Our Relationship with Martin Resource Management
          Martin Resource Management is engaged in the following principal business activities:
    providing land transportation of various liquids using a fleet of trucks and road vehicles and road trailers;
 
    distributing fuel oil, asphalt, sulfuric acid, marine fuel and other liquids;
 
    providing marine bunkering and other shore-based marine services in Alabama, Louisiana, Mississippi and Texas;
 
    operating a small crude oil gathering business in Stephens, Arkansas;
 
    operating a lube oil processing facility in Smackover, Arkansas;
 
    operating an underground NGL storage facility in Arcadia, Louisiana;
 
    supplying employees and services for the operation of our business;
 
    operating, for its account and our account, the docks, roads, loading and unloading facilities and other common use facilities or access routes at our Stanolind terminal; and
 
    operating, solely for our account, an NGL truck loading and unloading and pipeline distribution terminal in Mont Belvieu, Texas.
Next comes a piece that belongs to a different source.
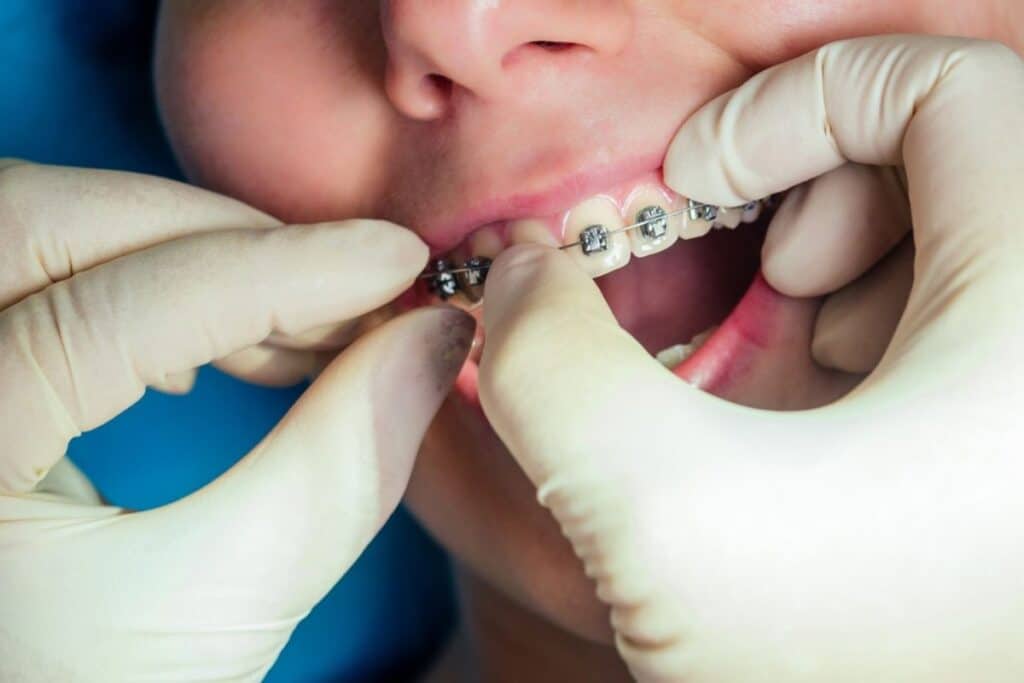 orthodontist woodbridge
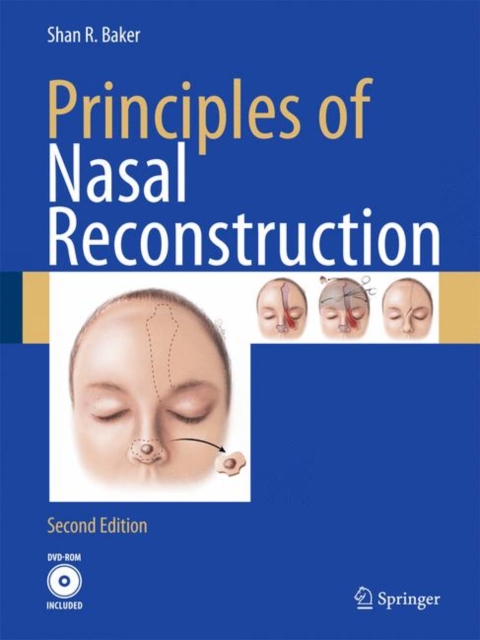 Principles of Nasal Reconstruction, Hardback Book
          We are and will continue to be closely affiliated with Martin Resource Management as a result of the following relationships.
          Ownership
          Martin Resource Management owns an approximate 34.9% limited partnership interest and a 2% general partnership interest in us and all of our incentive distribution rights.
          Management
          Martin Resource Management directs our business operations through its ownership and control of our general partner. We benefit from our relationship with Martin Resource Management through access to a significant pool of management expertise and established relationships throughout the energy industry. We do not have employees. Martin Resource Management employees are responsible for conducting our business and operating our assets on our behalf.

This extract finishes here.